Finally, we will look briefly at the evocation of German history and the German landscape as an aspect of mourning work or the search for Heimat. Elsaesser stresses that the search for Heimat after Germany's shame and fragmentation stands behind much of New German Cinema production. Even the exotic faraway lands sought out by Herzog, he asserts, are expressions of this German longing. The confrontation with the Other, either in Herzog's romantic exoticism or in Ulrike Ottinger's more ethnographic variety, finds its counterpart in the mournfully nostalgic investigation of German lands in Reitz and Wenders. These images of Germany and the world evoke a sense of distance and loss as the basis of the damaged German identity of which so much has been written. The impossibility of living in these spaces, their unreachable artificiality, is underscored by Wenders's juxtaposition of German landscapes with the imaginary American Southwest. These are not images of the world but of the postwar West German mental landscape.[72]

As they do not attempt to represent the German public, Straub/Huillet also do not parallel this attempt to represent the world as a counterpart to a German identity. The landscapes they photograph, which Elsaesser links to Herzog's exotic locations as signs of abstract "otherness," are instead sites bearing visible signs of human history. Although Straub/Huillet do not show contemporary Germany, they attempt to make of the German language itself a home. As Straub has put it, "Language is the house one is born in or works in or suffers in or enjoys in. And if one has no connection to language, no relationship with language, then there are no structures anymore; there's nothing there anymore."[73] As later chapters will investigate, Straub/Huillet's presentation of nature and language, in contrast to or in harmony with a narrative/narration, traces "the history of barbarism" that Benjamin spoke of and records the signs of resistance.

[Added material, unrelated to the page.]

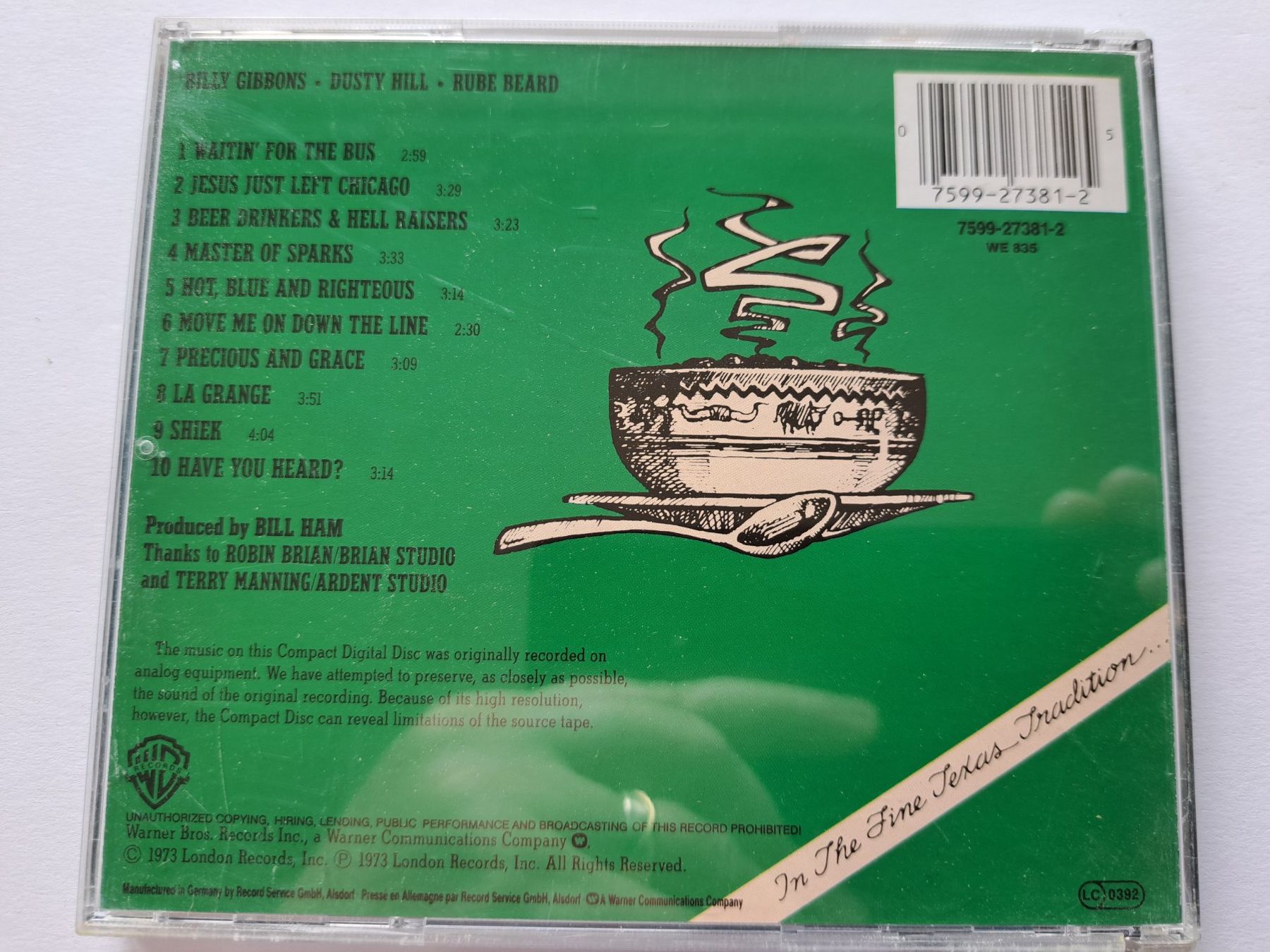 CDs: Cd ZZ Top - Tres Hombres – Gebraucht aus Pully von bro_n52j 1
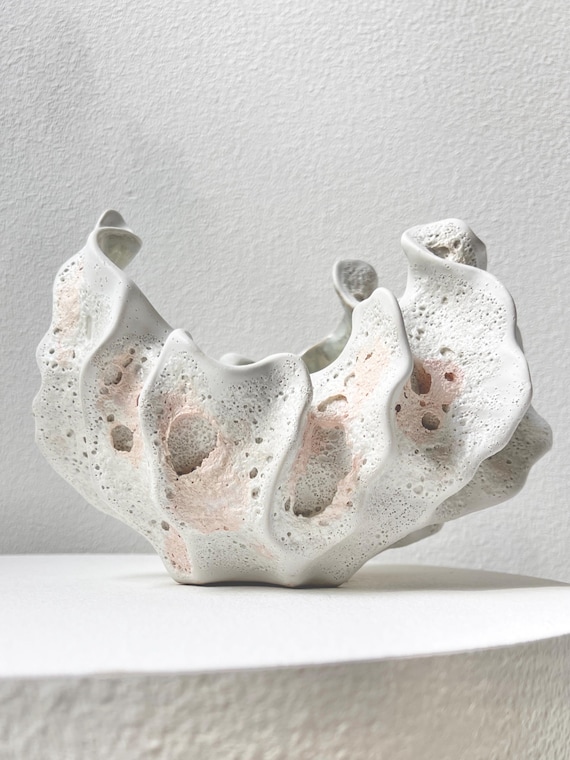 Ceramic Coral Bowl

Straub used a more graphic metaphor in describing the price paid for progress that is behind the appearance of the world: "Every step one takes is, without knowing it, into a puddle of blood."[74] Rather than a melancholy fixation on Germany and its guilt, however, Straub/Huillet seek the seeds of resistance in the exile of language. This displacement, Europeanization, and humanization of German culture can only be welcomed given the legacy of this century.